Task prompt:
Leave out the pictures and print precisely the lines from the line with "Kia Ev3 image 3" to the final line of the entries, both ends included.

Exercise data:
· · · ·

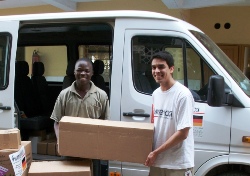 humedica-Mitarbeiter Sven Ramones mit einem einheimischen Mitarbeiter. Foto: humedica/Karin Uckrow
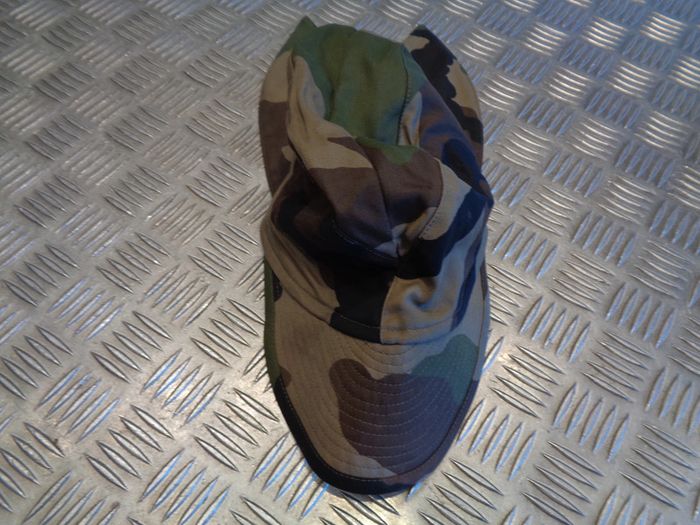 casquette F1 avec protège nuque CE militaire camouflage csv socovet balsan differentes tailles - photo numéro 2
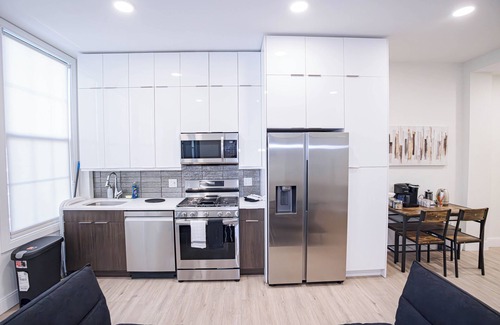 Union City Apartment | Charming 2-bedroom apartment min to New York City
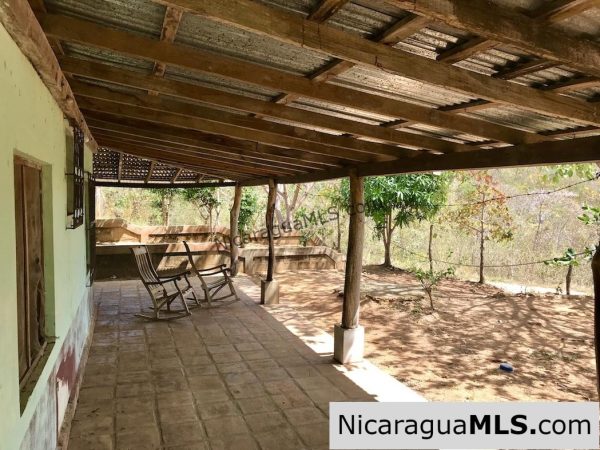 Ocean view fixer upper on almost 5 Acres - Image 9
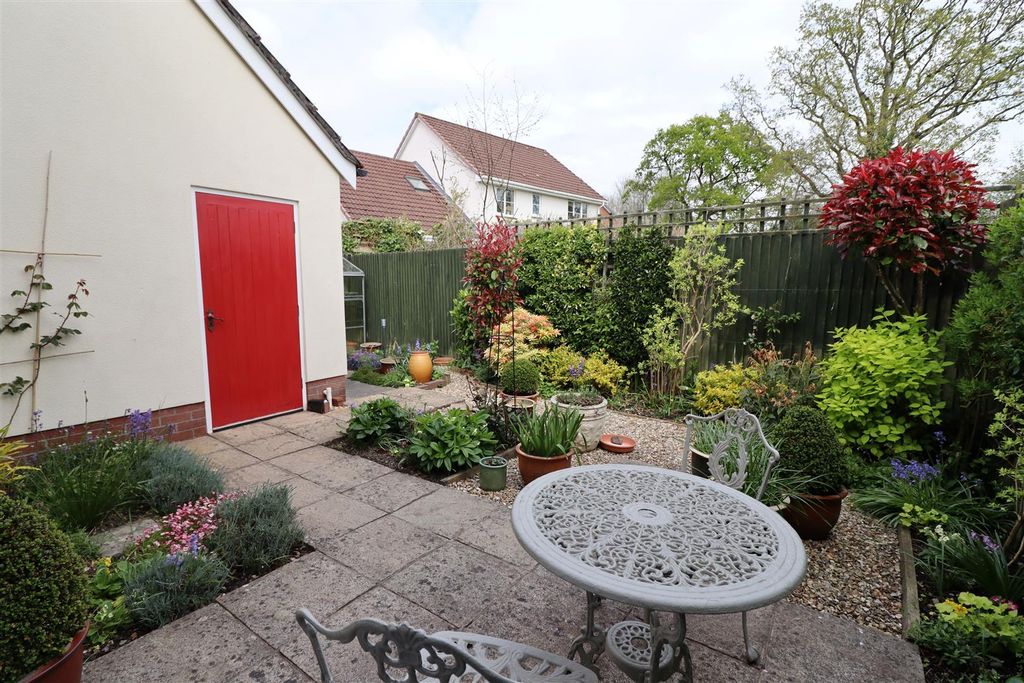 Property photo 3 of 12 Img_4944.Jpg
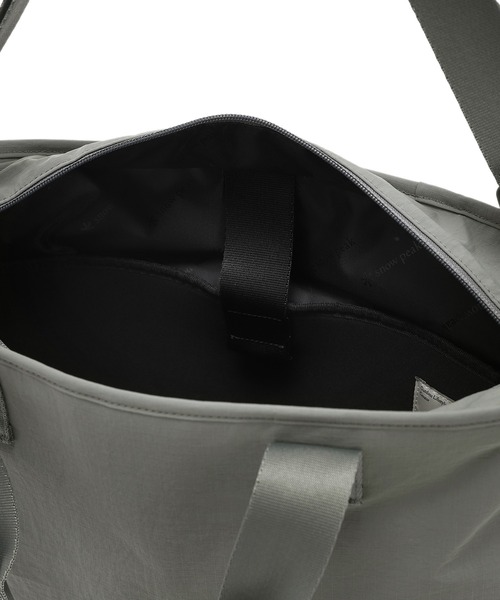 Snow Peak(スノーピーク)の「SnowPeak / Dual Tech Alpha Tote Bag デュアルテック アルファ トートバッグ 海外限定(ショルダーバッグ・メンズ・ブラック/ダークグレー/ライトグレー・ONE SIZE)」の16枚目の写真
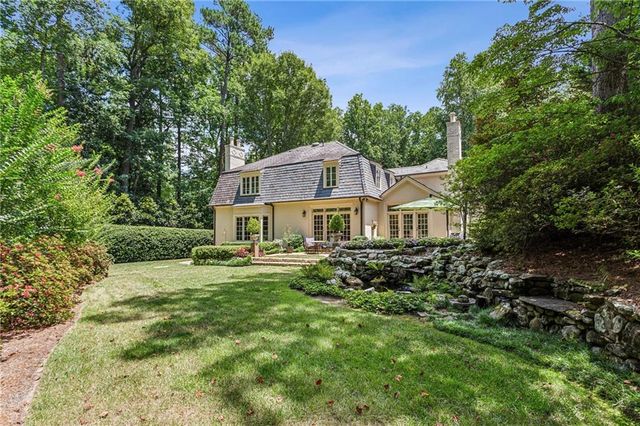 3302 W Andrews NW Drive, Atlanta, GA 30305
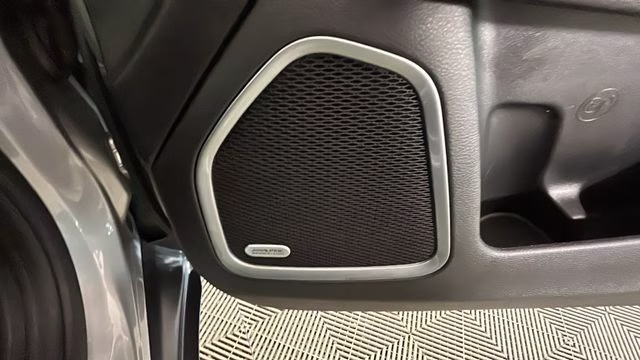 2023 Billet Silver Metallic Clearcoat Jeep Compass Latitude 4X4 SUV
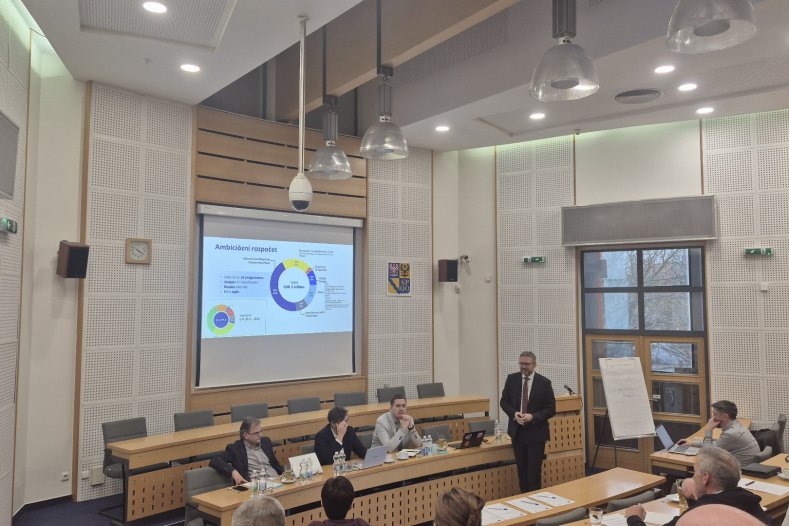 20251218_101955 (web 2)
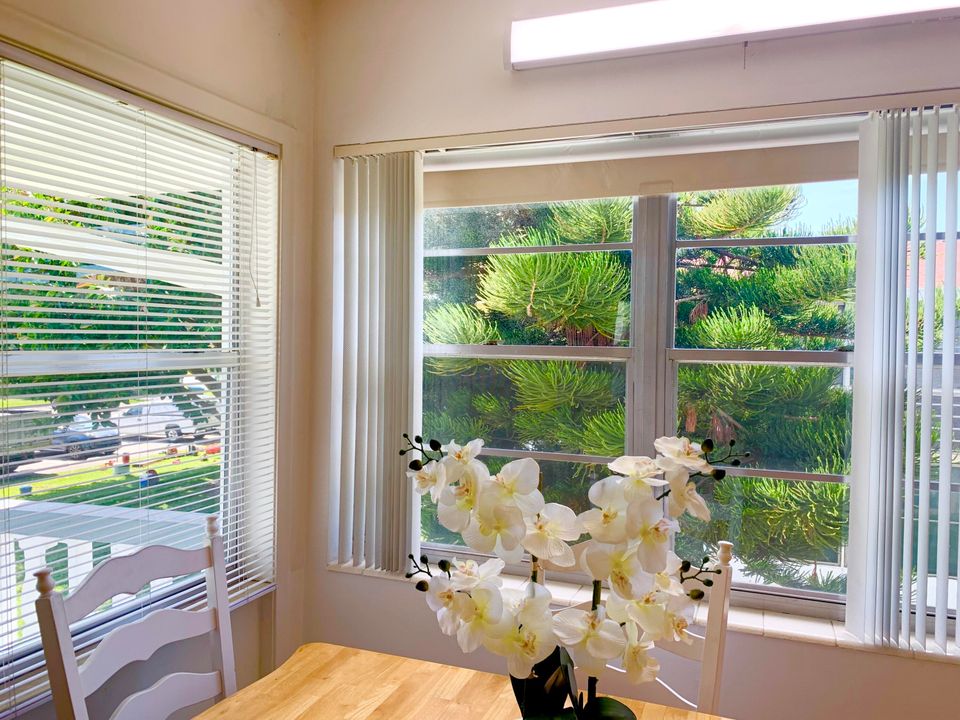 待售: $129,900 (2 贝兹, 1 浴室, 798 平方英尺)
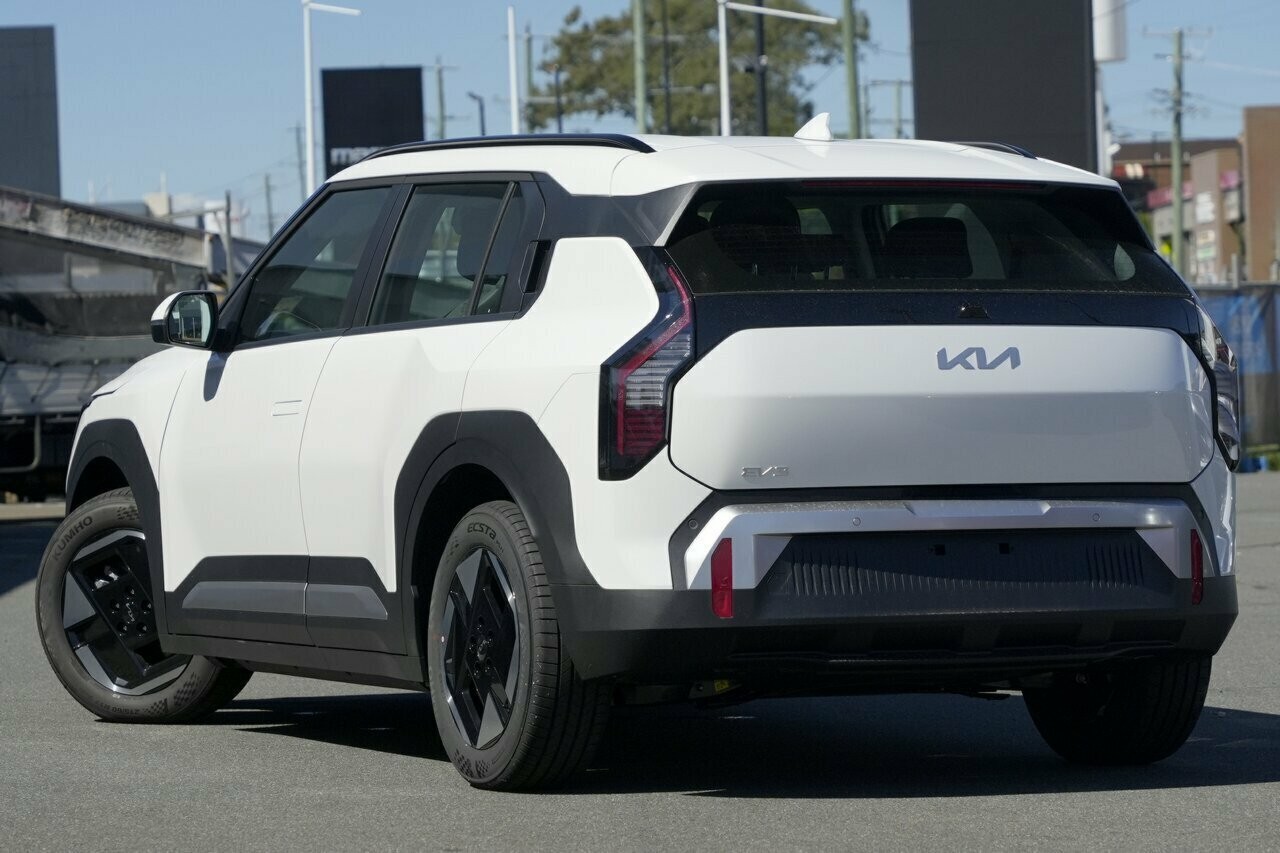 Kia Ev3 image 3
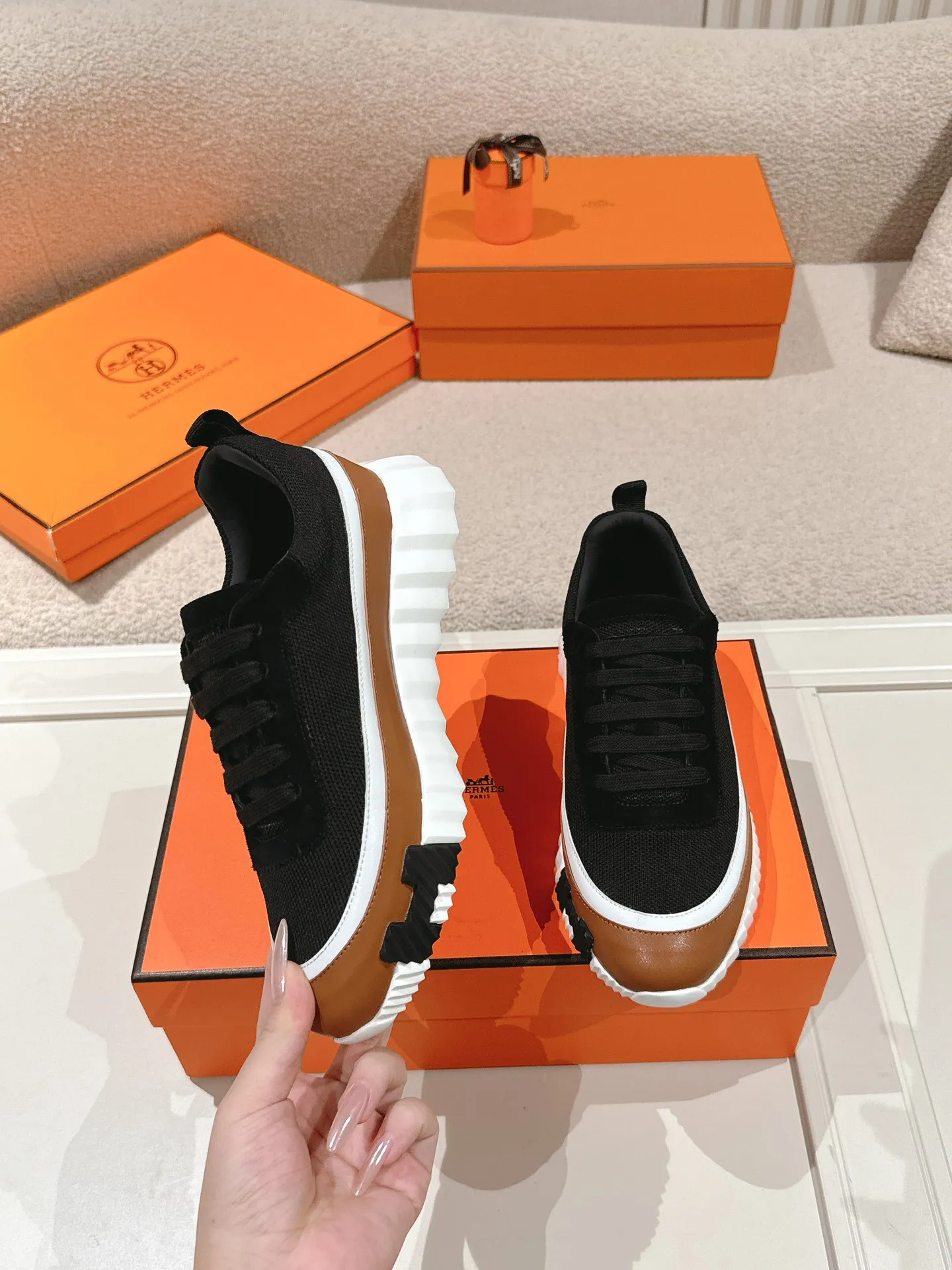 Hermès 厚底スニーカー ブラック カジュアルスタイル - 画像 (6)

· · · ·

Result below:
 Kia Ev3 image 3
 Hermès 厚底スニーカー ブラック カジュアルスタイル - 画像 (6)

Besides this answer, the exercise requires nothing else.